Beware the dehumanization process.

ANDY REVKIN, SUPERHERO OF THE BLOGOSPHERE

The world of environmental blogging has been dealt a blow which is hopefully only temporary and quickly reversible. Andy Revkin, author of the NY Times blog, Dot Earth, my buddy (he was on the panel discussion of “Sizzle” at the 2008 Woods Hole Film Festival premiere) and longtime hero in the blogosphere (where heroes are scarce) had a stroke last Friday. Initial indications seemed to be that it wasn’t a stroke, only advance warnings (blurred vision), but judging from his comments now, it sounds like the doctors have deemed it an actual stroke. Which has left him (at least for the time being) slowed down in typing speed, though he’s in good enough shape to answer a couple of my emails, which is a HUGE relief.

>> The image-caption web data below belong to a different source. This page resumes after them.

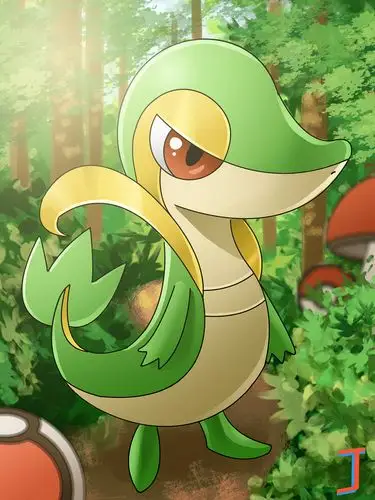 248天前发布                              禹堔,禁止转载-禁止商业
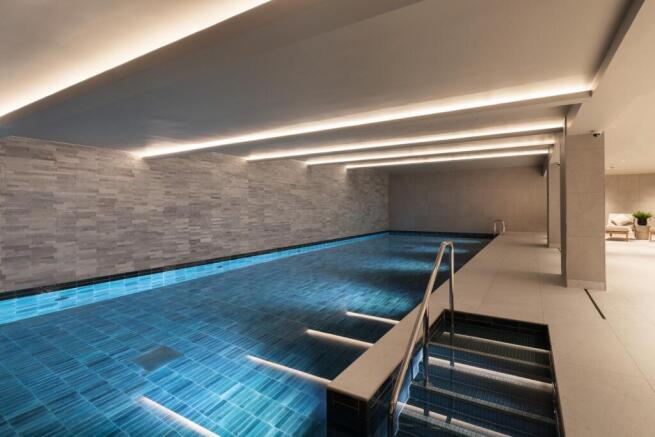 vb5651267_RachelFerriman-CamdenGoodsYard-044_16...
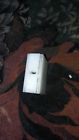 Sgt12 Cr Laurence Polyethylene Sealant Guide
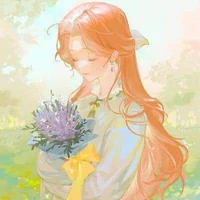 Herry Sazunii -Mẹ cậu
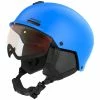 Marker Kids' Vijo Snow Helmet -Ski Shop 7bf7462a f296 4aff bc0d d1d70d81f6c5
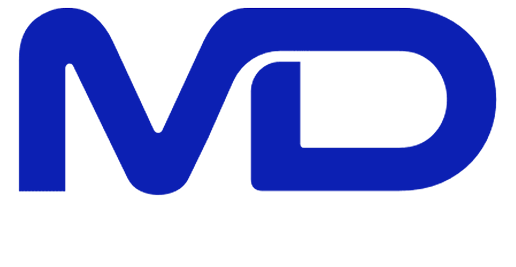 malaysia-digital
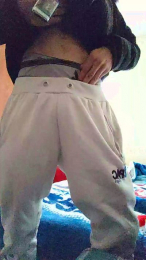 deivicalexxx webcam model stream image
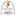 pmkarusel.ru favicon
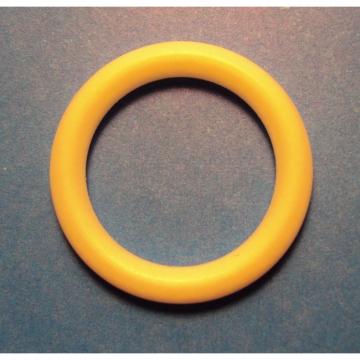 CORD PTFE BACKUP STOCK B 7.5X1.5 CORD STK PTFE Bulk Rings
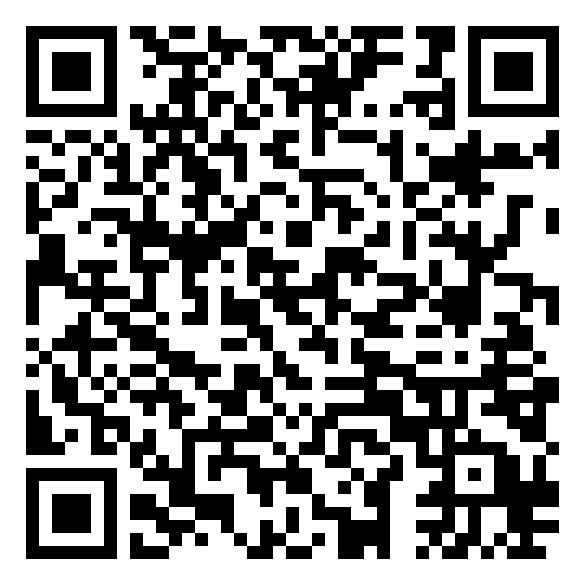 QR code 14600810300000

Let me just say a few words of appreciation. I quit blogging in 2008. Happily. Andy is a much greater man than I. Day after day he has operated like an event coordinator at a barroom brawl, standing up and saying, “Okay, folks, what do we think about this aspect of climate change — and could you please try to not throw chairs or bottles at your opponents.”

At times, both sides have tried to beat the holy hell out of him as he’s delved in to one facet after another of the climate mess and tried to walk a middle line of fairness and honesty. He really deserves an award for blogging courage. But he’s also in the past couple years occasionally questioned just how valuable and productive such blog discussions are, as he did in his post last Friday as he announced he would be taking a break.

JAROD LANIER, HUMANIZER OF THE DREADED DIGITAL AGE

By coincidence, there’s an excellent piece in this week’s New Yorker (when isn’t there?) about “digital pioneer,” Jaron Lanier in which he hits similar notes. He authored the book last year, “You Are Not a Gadget: A Manifesto,” in which he describes social networking sites Facebook and Twitter as “dehumanizing and designed to encourage shallow interactions.” Yep.

I love his quote in the article about Facebook’s new face-recognition software, “It’ll just create a more paranoid society with a fakey-fakey social life — much like what happened in communist countries, where people had a fake social life that the Stasi could see, and then this underground life.” Actually, I think that dynamic is already here for anyone with half a brain.

“THIS IS WHAT MAKES YOU EXIST”

Also love what Lanier said to an audience last year during one of his talks. After asking the group  not to blog, text, or tweet during his talk (how old-fashioned — actually wanting people to listen!), he said, “If you listen first, and write later, then what you write will have had time to filter through your brain and you’ll be in what you say. This is what makes you exist. If you are only a reflector of information, are you really there?”

So good. So profound. So accurate. And so relevant to blogging.

One last quote from the article. “Unlike more Luddite critics, Lanier complains not that technology has taken over our lives, but that it has not given us enough back in return. In place of a banquet, we’ve been given a vending machine. “The thing about technology is that it’s making the world of information ever more dominant. And there’s so much loss in that. It really does feel as if we’ve sworn allegiance to a dwarf world rather than to a giant world.”

Humans, with their blind obsession with “progress”, need voices of criticism and leadership to keep things in check. For me personally, I honestly can’t believe I was raised on all the moral lessons of George Orwell’s “1984” only to watch our stupid world move year after year closer to the very picture he painted. What can you do? Just appreciate and support important voices like Lanier and Revkin.